Ep 41 - Online Education Is Real Education: Florida’s New Rule, ABA Control, and the Domino Effect
🌐 Website: https://lockelaw.us/
By Sherry Sutton | Heart of the Hustle Show
Florida updated bar admissions language on January 15, 2026. In Part 2 of my 3rd interview with Nelson Locke, we break down what it means for online law school access.
When a guest comes back a third time… you know it’s not small news
This is Part 2 of my third interview with attorney Nelson A. Locke — and if you’ve listened to any of our previous conversations, you already know why.
Nelson doesn’t show up for fluff. He shows up when something is shifting in real time — and right now, the rules around legal education, bar admissions, and who gets to “count” are shifting fast.
Part 1 was about the spark. This episode is about the spread.
Because Texas wasn’t the end of the story.
It was the beginning of the domino effect.
And one of the biggest dominos wobbling next is Florida.
The headline: Florida made a move on January 15, 2026
In Part 2, Nelson breaks down Florida Supreme Court Rule 2025-264, dated January 15, 2026 — and why its updated language matters for anyone paying attention to online law school access and legal education reform.
If you’re not a lawyer, don’t click away. This is not just a legal industry issue.
This is a “who gets to decide what counts” issue.
Which is basically every industry right now.
Why this conversation is bigger than online law school
People try to reduce this debate to a lazy soundbite:
“Online school isn’t real.”
That argument is outdated, and honestly, it’s convenient for people who benefit from keeping the old system exactly as it is.
This conversation is not about whether a person attended class inside a building.
This is about legitimacy, access, and power.
It’s about whether someone is evaluated based on:
competence and performance, or
prestige and gatekeeping
Nelson’s position is very simple:
If someone can pass the bar exam and practice competently in good standing, that should matter more than how the education was delivered.
That is a performance-based argument.
And it is incredibly hard to dismiss if your goal is actually public protection.
Florida’s rule change and the definition that matters most: “accredited law school”

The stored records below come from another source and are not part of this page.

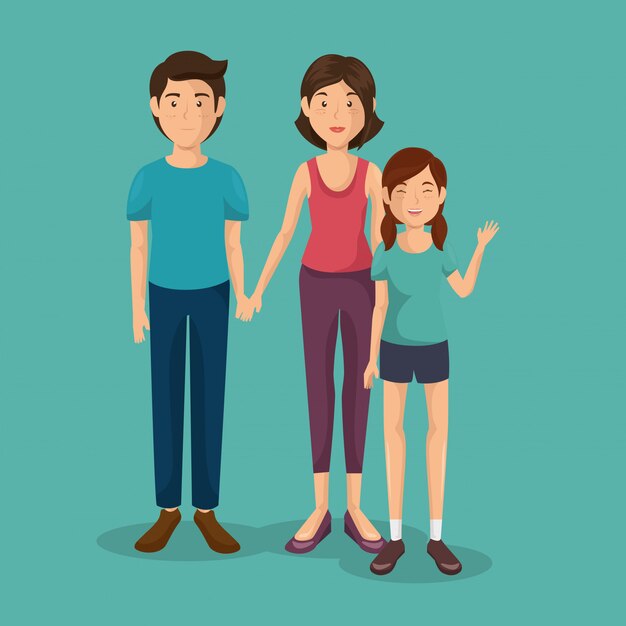 padre y madre con hija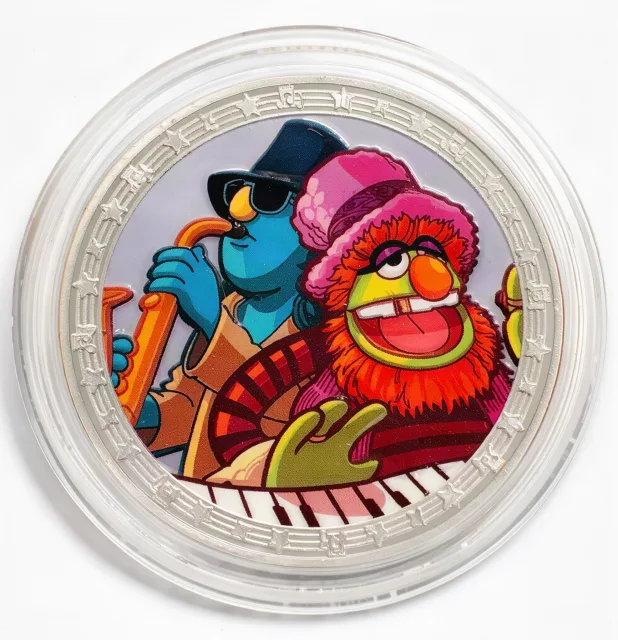 Zoot & Dr. Teeth Disney medallion coin, front (Rock Around the Shop, Disney's Hollywood Studios)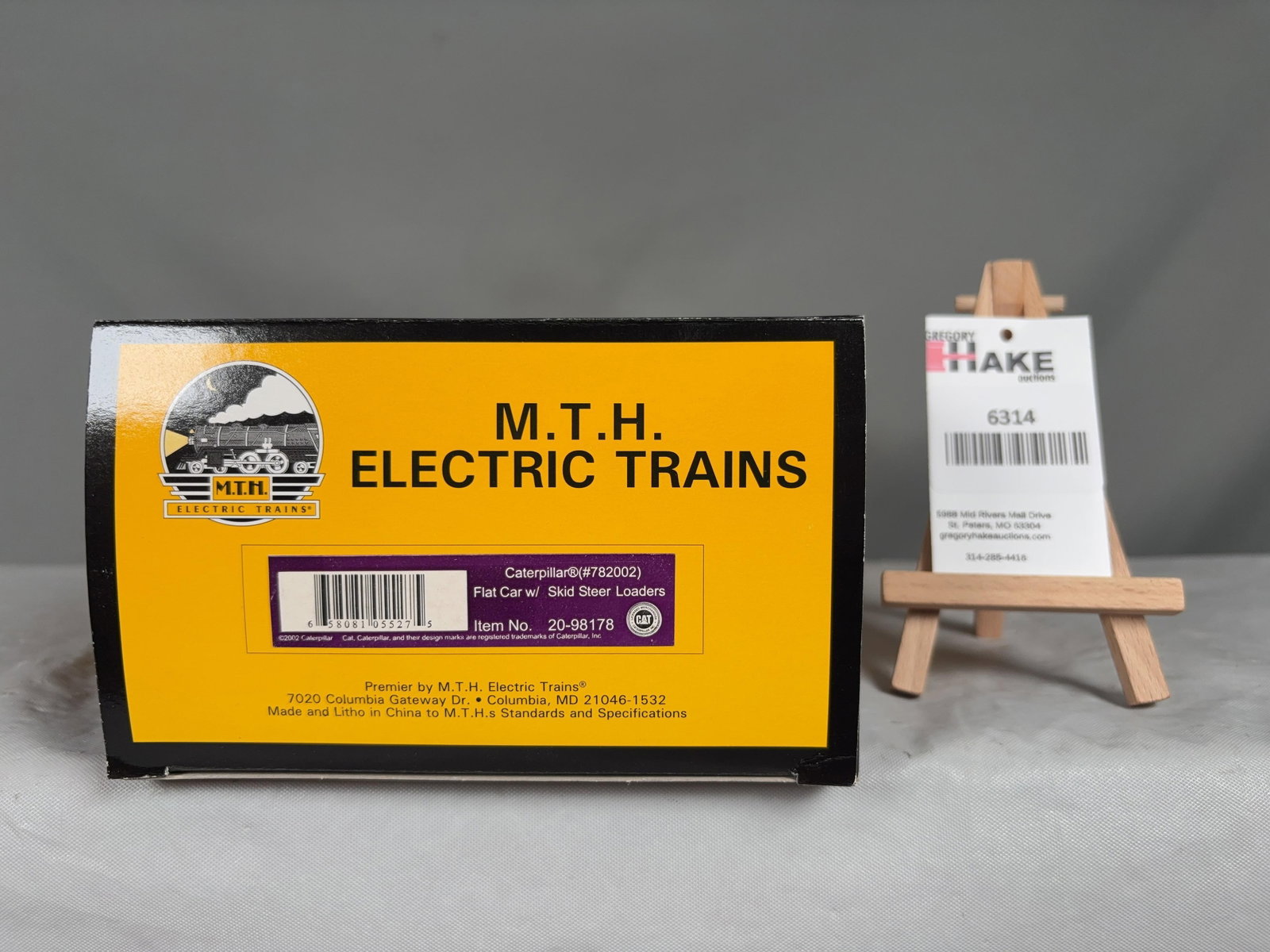 MTH Caterpillar (#782002) Flat Car w/ Skid Steel Loaders 20-98178 w/OB (1 of 2)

In legal world, definitions are where the game is played.
Florida amended its definition of an “accredited law school” to include accreditation via:
a recognized programmatic accrediting agency for legal education, and
a recognized institutional accrediting agency for higher education (with additional court approval language)
Translation: Florida is at least signaling willingness to consider a broader framework than “ABA-only.”
Is it perfect? No. Nelson is very clear about what is still unclear.
But it is movement.
And movement is the point.
The mess that still needs clarity: “distance education” vs “online education”
This part matters more than people realize.
Florida’s language includes a reference to “distance education,” and Nelson explains why that is a problem if it is not clarified.
Because “distance education” is often treated like a synonym for “online education,” but it is not.
Distance education can carry an old-school assumption: correspondence-style learning, low engagement, limited oversight.
Modern online education is often professor-led, interactive, structured, and rigorous.
So when rules use outdated terms without defining them, qualified people get trapped in a vocabulary debate instead of being evaluated on competence.
If Florida wants to modernize, it has to clean up the language.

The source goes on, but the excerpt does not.